PH Fleet Update: BMW 328i Touring
Surprising fuel economy appeals; paint lacquer peels...
Fuel economy is not generally something we get particularly excited about here on PH.
Partly this is because we like to keep our heads in the sand a bit, considering the effect that filling hungry PH fleet tanks with ever-more expensive fuel has on our collective wallets. But mostly this is because counting up the MPGs is a bit, well, dull.
Sometimes, though, you get a fuel economy-based moment that is genuinely exciting.
This happened to me the other day on the return home from a horrendously rainy Sunday night trip up the M3, when I idly flicked through the 328i's trip computer (that I'd zero'd at the start of a journey) to find a figure of 35.3mpg glowing orangely back at me.
For a 15-year-old car, with a petrol-powered 2.8-litre straight six coupled to a five-speed automatic gearbox I reckon that's pretty darn good form.
Okay, so the rain-soaked M3 was pretty busy, but I wasn't hanging back when traffic and weather conditions allowed. When the PH Fleet Defender can only manage high 20s mpg even when you're trying hard, and the Mini Cooper D cabrio I trundled around in a while back could do no better than the low 40s mpg.
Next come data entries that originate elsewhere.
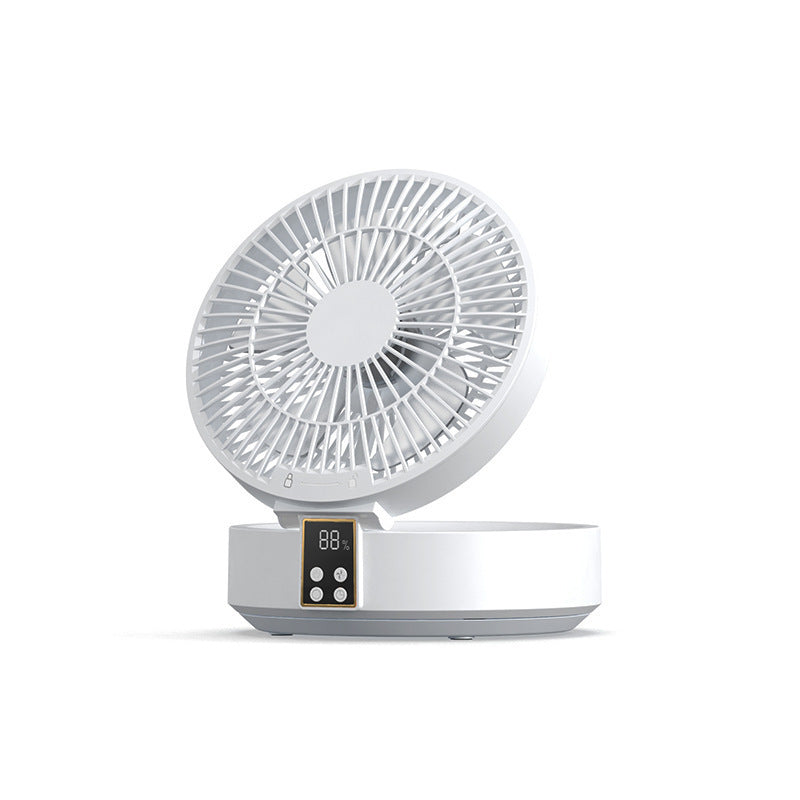 Remote Controlled Portable Rechargeable Ceiling USB Electric Folding Fan Night Light Air Cooler for Household Appliances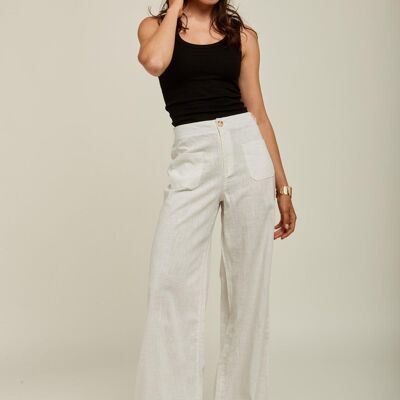 Pantaloni larghi di lino - Colette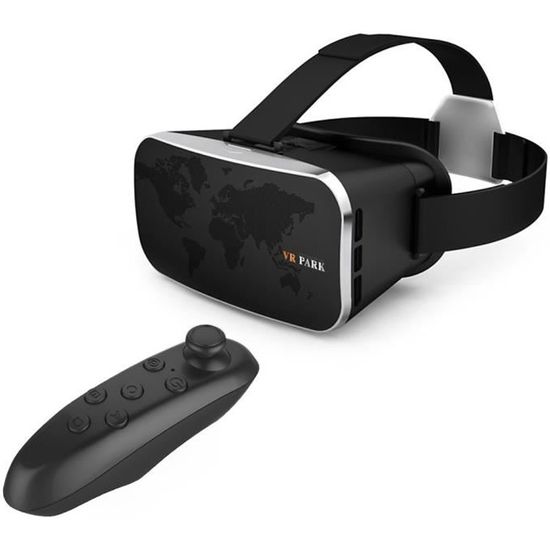 VR PARK-V3 Réalité Virtuelle 3D Lunettes vidéo Casque avec 90 degrés Angle de vue de 4,7 à 6,0 pouces Smartphones avec télécommande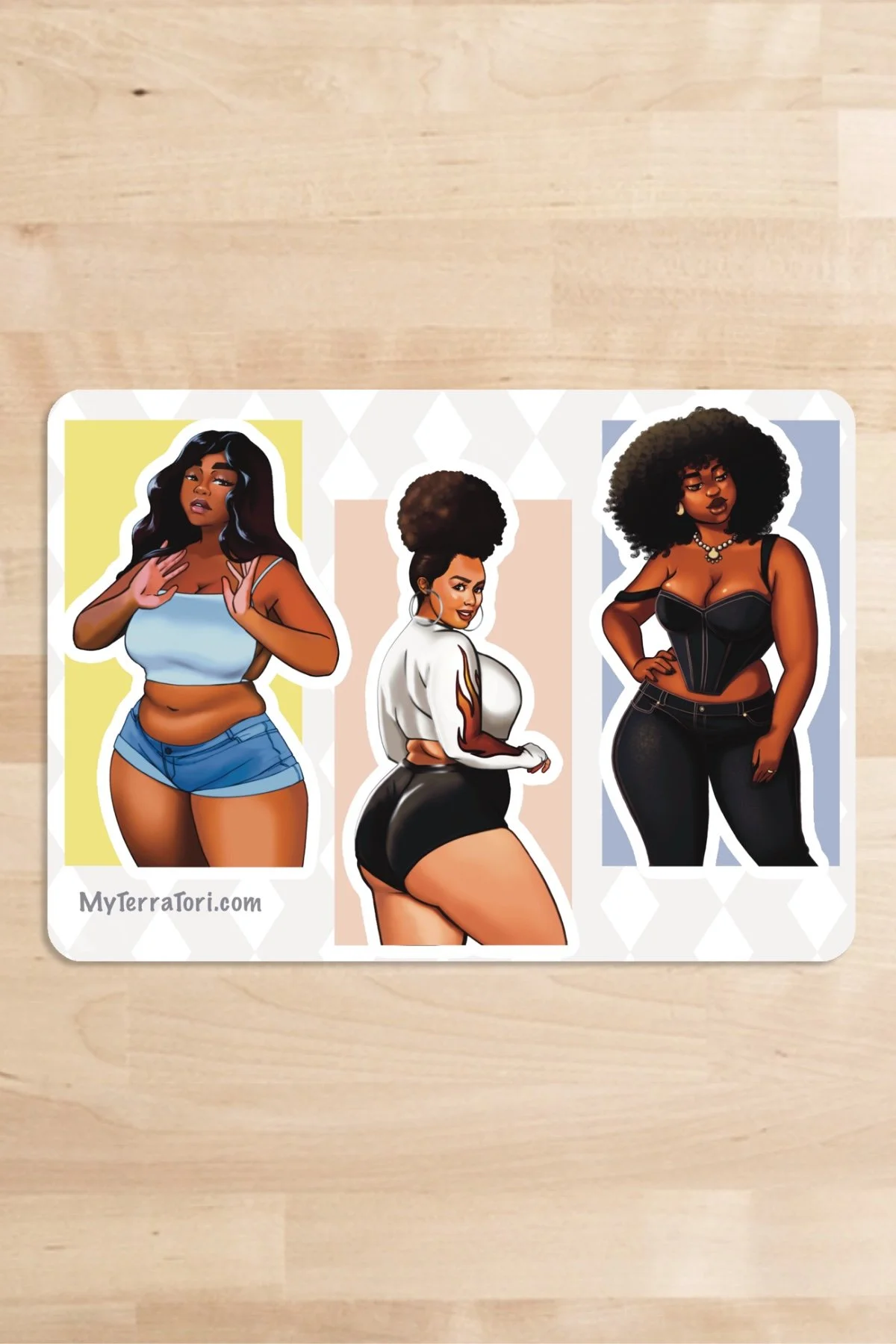 Full Figure Sticker Sheet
There is of course a couple of caveats here, in that it's never wise to trust an on-board computer's figures, and the 328's economy drops dramatically in town (to more like 22-23mpg. Still, like pretty much everything my trusty 'Shed of the fleet' does, it just gets on with things in a quiet, unassuming, but above all damn effective way.
Which is why I haven't written about it for a while. Despite being the world's only four-door estate (thanks to a firmly stuck right rear door), the Boston Green Bee-Em sailed through its MOT at the tail end of last year, has started on the button even in the most icy of weathers, and generally caused very little trouble.
It even managed to battle up Reigate Hill on the M25 when we got caught in an unexpected snow storm, coping rather better than its driver (weaving across four lanes to avoid stranded lorries, sliding at just 15mph, knowing that if I stopped I'd be stuck, was perhaps the least pleasant motoring experience I've ever had).
In fact, the only real problem the car is suffering from is a moderate to severe case of automotive leprosy - the lacquer is peeling from the paintwork on the nearside front wing at an alarming rate.
And so I leave all you restoration-minded PHers out there with a conundrum. Bearing in mind that a respray is out of the question (with so many dings and dents it would be a silly route to go down), how do I arrest - or possibly reverse - the spread of the peeling lacquer? I'm hoping the answer will involve some kind of miracle spray, though I suspect it won't...
In other news, those 3-series estates do look good, found myself looking at one passing by earlier today. Some nice engines as well!